Results on Public Datasets

Use the Galileo Sandbox environment to explore the enterprise-grade data quality platform
Galileo helps you discover insights and errors in your training dataset within minutes, not days! You can now confidently ditch excel sheets and ad hoc python scripts, mitigating the cumbersome detective work of exploratory dataset analysis.
We used a pretrained DistilBERT model to train (until convergence) on four popular public datasets across two tasks (described in Table below). Galileo was used to inspect, discover, and fix dataset errors using insights surfaced from the UI.
Go ahead and test drive the Galileo Sandbox environment with these datasets. Feel free to follow along with our provided insights (see Table below)
Dataset / Task
Movie Reviews / Sentiment Classification
SST2 (Stanford Sentiment Treebank) dataset for sentiment classification of IMDb movie reviews with positive, very positive, negative or very negative sentiment classes. The training set has 25K samples and the test set has 25K samples, with no movie overlap between these partitions. Each samples is classified into one of the 4 classes based on the review rating.

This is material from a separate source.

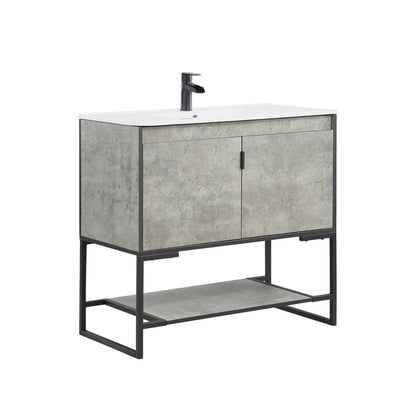 Manhattan Comfort Scarsdale 36" Bathroom Vanity Sink In Gray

Conversational AI / Intent Classification
Multi-class intent classification dataset for conversational AI. The training set has ~13K samples and the test set has ~700 samples, each query belonging to one of the following 7 classes: AddToPlaylist, PlayMusic, SearchScreeningEvent, BookRestaurant, RateBook, GetWeather, SearchCreativeWork
Product Reviews / Sentiment Classification
Dataset for binary sentiment classification of amazon reviews in either positive or negative sentiment class. The training set has 30K samples and the test set has 3K samples.
Banking Call Center / Intent Classification
Dataset for multi-class intent classification for call-center banking queries. The training set has ~10K samples and the test set has ~3K samples, each query belonging to one of 77 classes.